| Task brief |
Every line from the one holding "加油站離奇車禍!休旅排隊等洗車暴衝連撞 員工慘被撞壓車底" through the one holding "The front entrance" in the data below must be returned exactly, both ends included, with pictures left out and nothing else added.

The data START

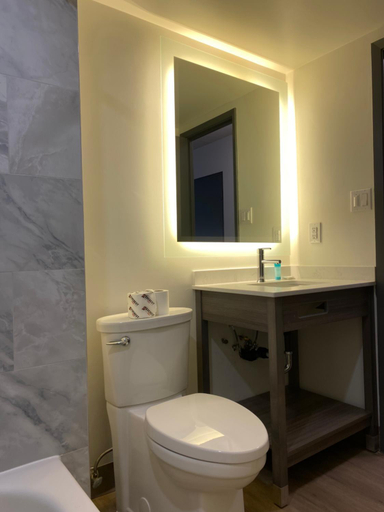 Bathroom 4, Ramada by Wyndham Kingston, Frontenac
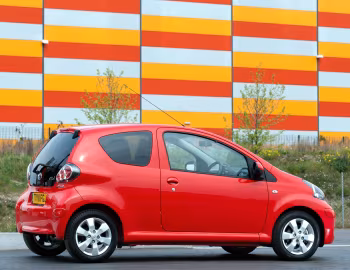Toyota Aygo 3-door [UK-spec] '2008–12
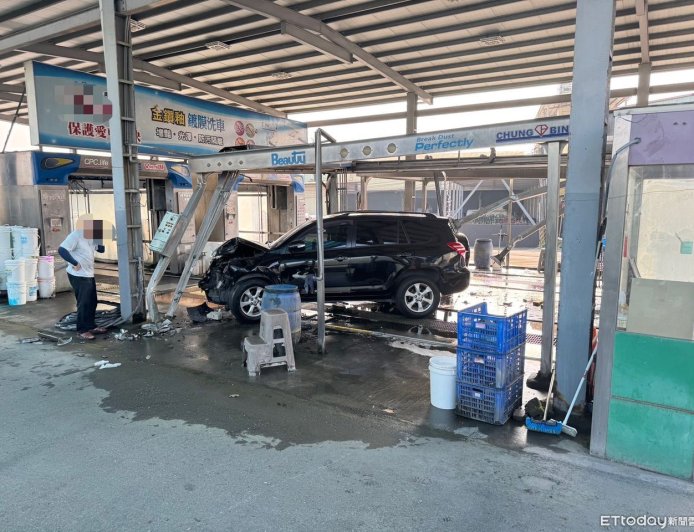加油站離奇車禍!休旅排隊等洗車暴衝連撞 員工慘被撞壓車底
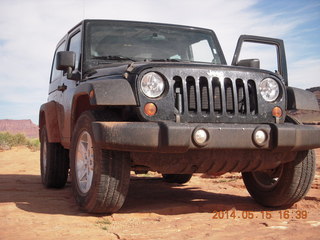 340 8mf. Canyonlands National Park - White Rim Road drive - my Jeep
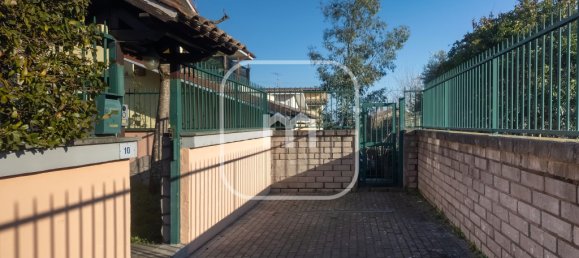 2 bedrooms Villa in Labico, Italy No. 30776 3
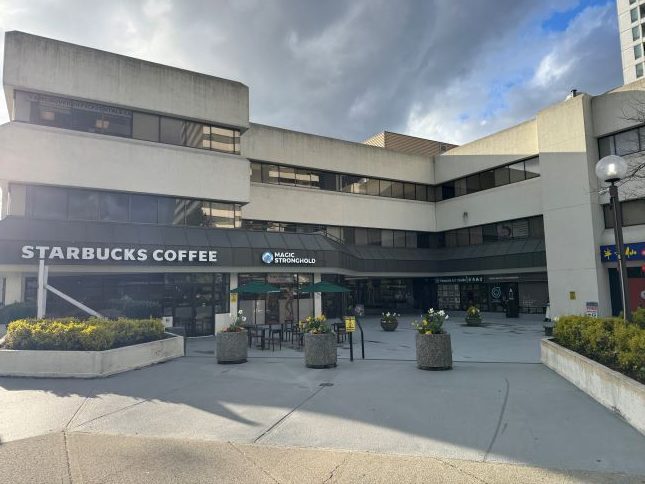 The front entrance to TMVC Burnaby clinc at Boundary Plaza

The data END
The data START

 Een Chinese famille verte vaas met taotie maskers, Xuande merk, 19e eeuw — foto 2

The data END
The data START

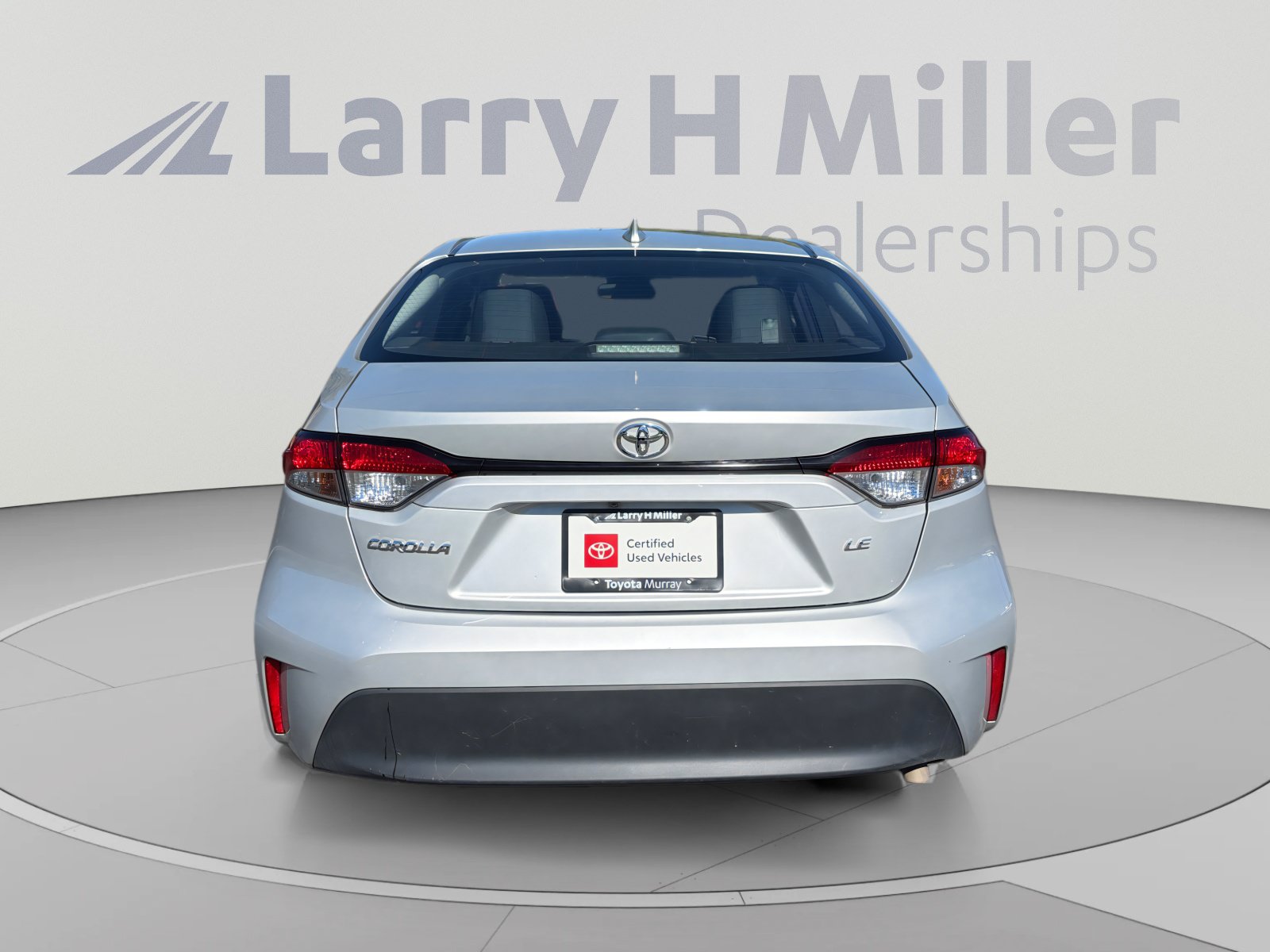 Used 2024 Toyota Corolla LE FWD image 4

The data END

| Response to this task |
加油站離奇車禍!休旅排隊等洗車暴衝連撞 員工慘被撞壓車底
 340 8mf. Canyonlands National Park - White Rim Road drive - my Jeep
 2 bedrooms Villa in Labico, Italy No. 30776 3
 The front entrance to TMVC Burnaby clinc at Boundary Plaza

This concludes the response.